Architectural design is often seen as a luxury good; yet it is also something that has great power in influencing social and urban behaviours in everyday situations. What are your thoughts on this?
I think that architecture and design are necessities. Since they are concrete manifestations and representations of true value – both materially and philosophically – they are essential. What led me to architecture was the belief that it is the highest form of art that combines most of the other fields of arts. I still think so today, all the more so because so many different dimensions have been added to my understanding of the discipline over the years.
How do your projects address your ideas about architecture?
An example is the modular shelves at Royce Apartment.
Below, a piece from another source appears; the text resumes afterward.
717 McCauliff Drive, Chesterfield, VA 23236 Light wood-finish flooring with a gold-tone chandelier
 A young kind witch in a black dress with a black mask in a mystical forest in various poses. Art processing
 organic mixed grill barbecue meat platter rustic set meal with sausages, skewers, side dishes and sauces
We feel the economic climate has fuelled the creation of ‘shoebox’ apartments that evolved purely out of maximising square footage yield, and that these apartments were seemingly unconcerned with the immanent criterion of ‘housing’. Our proposal attempted to confront the limitations of space by organising and framing the owner’s essential praxis of reading. 3mm steel sheets were folded to form modular shelves, benches and storage that define the hallway, doorway and living space. The thinness of the shelves disappears as it is loaded with books, allowing the array of book spines and categories to form the final image of the house. These shelves, which embody the idea of ‘home’ for the book-lover, can be reused in a new house if one day the ‘shoebox’ is sold. In this case, we have designed something of material value for his future house, and at the same time, hopefully, created a sense of home for him in this temporary abode.
It is admirable how far PRODUCE have come in such a short time. On that note, do you have any design inspirations you can share with us?
Isay Weinfeld’s works appeal to me because formally and spatially, there is a strong focus and representation of the self and the individual over the collective. Too often buildings lack the emphasis on the subject. Ayn Rand, because she established the philosophy of Objectivism, which has guided my analysis on situations and judgment of our design process. Finally, Elon Musk, as he is the quintessential Producer – someone who actually offers something new and relevant to the material world. We named ourselves PRODUCE because we aspire to produce things that are inventive spatially, architecturally and technologically.